*** Data shown ***
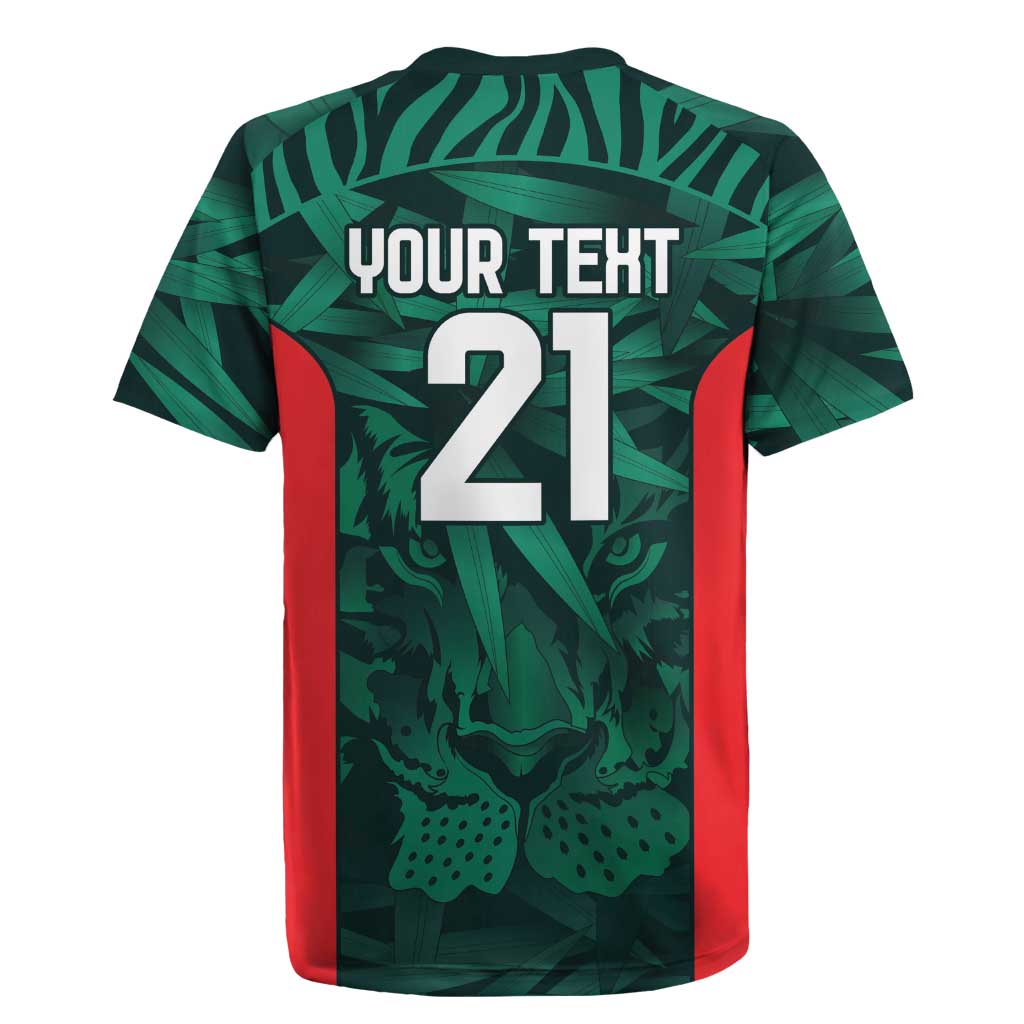 Royal Bengal Tiger Bangladesh Cricket Custom Rugby Jersey The Red and Green Version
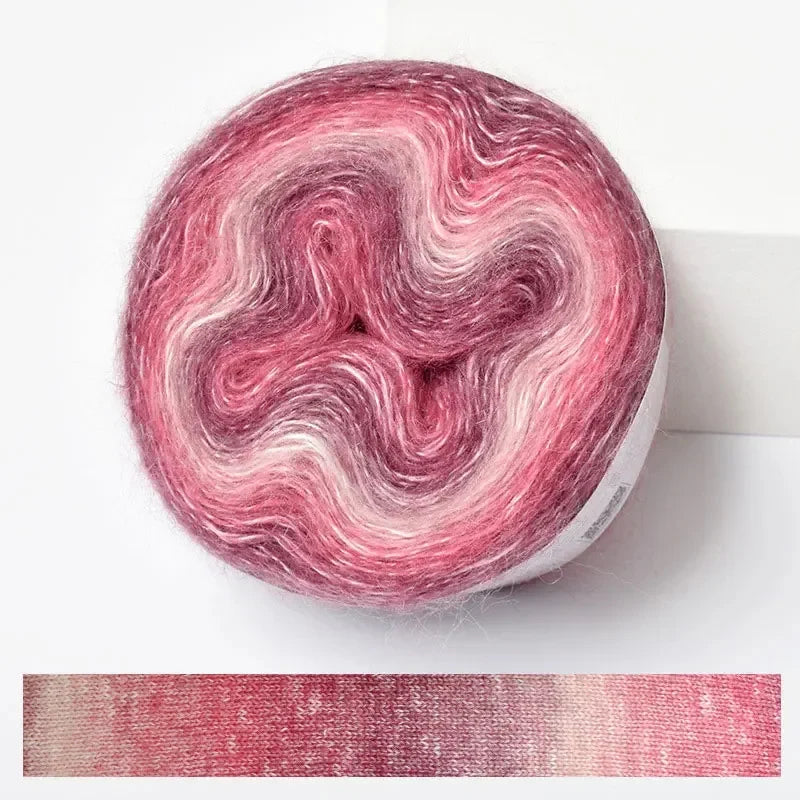 Fil Effet Mohair Dégradé Arc-en-Ciel – Pelote 200 m | Crochet & Tricot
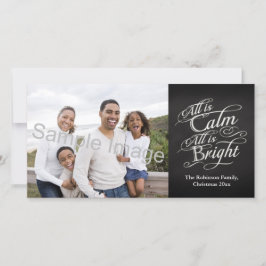 すべてが穏やかで、すべてが明るい黒板クリスマス シーズンカード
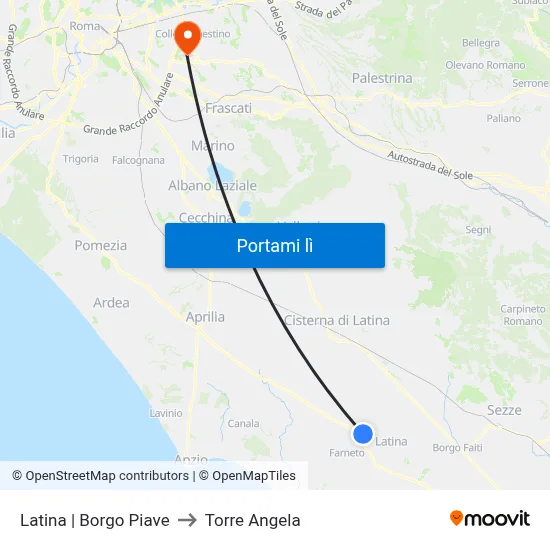 Latina | Borgo Piave to Torre Angela map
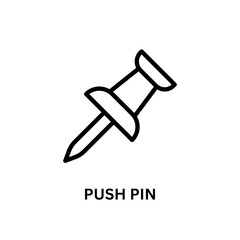 Black line icon shows push pin, a vector illustration for UI/UX design, presentations, and digital projects on a white background.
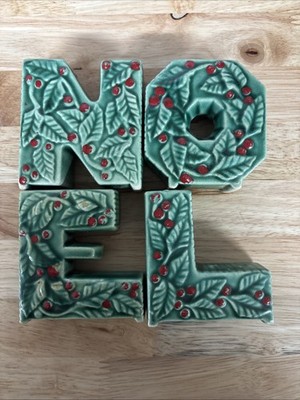 Vintage Ceramic Christmas NOEL HOLLY Letter Candleholder Set 3 1/4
*** End of Data shown ***
- **Your goal**: Begin with the first line of the entries above and write out each line exactly, ending with the line containing "Latina | Borgo Piave to Torre Angela map". Leave out pictures.

- **Final answer**:
 Royal Bengal Tiger Bangladesh Cricket Custom Rugby Jersey The Red and Green Version
 Fil Effet Mohair Dégradé Arc-en-Ciel – Pelote 200 m | Crochet & Tricot
 すべてが穏やかで、すべてが明るい黒板クリスマス シーズンカード
 Latina | Borgo Piave to Torre Angela map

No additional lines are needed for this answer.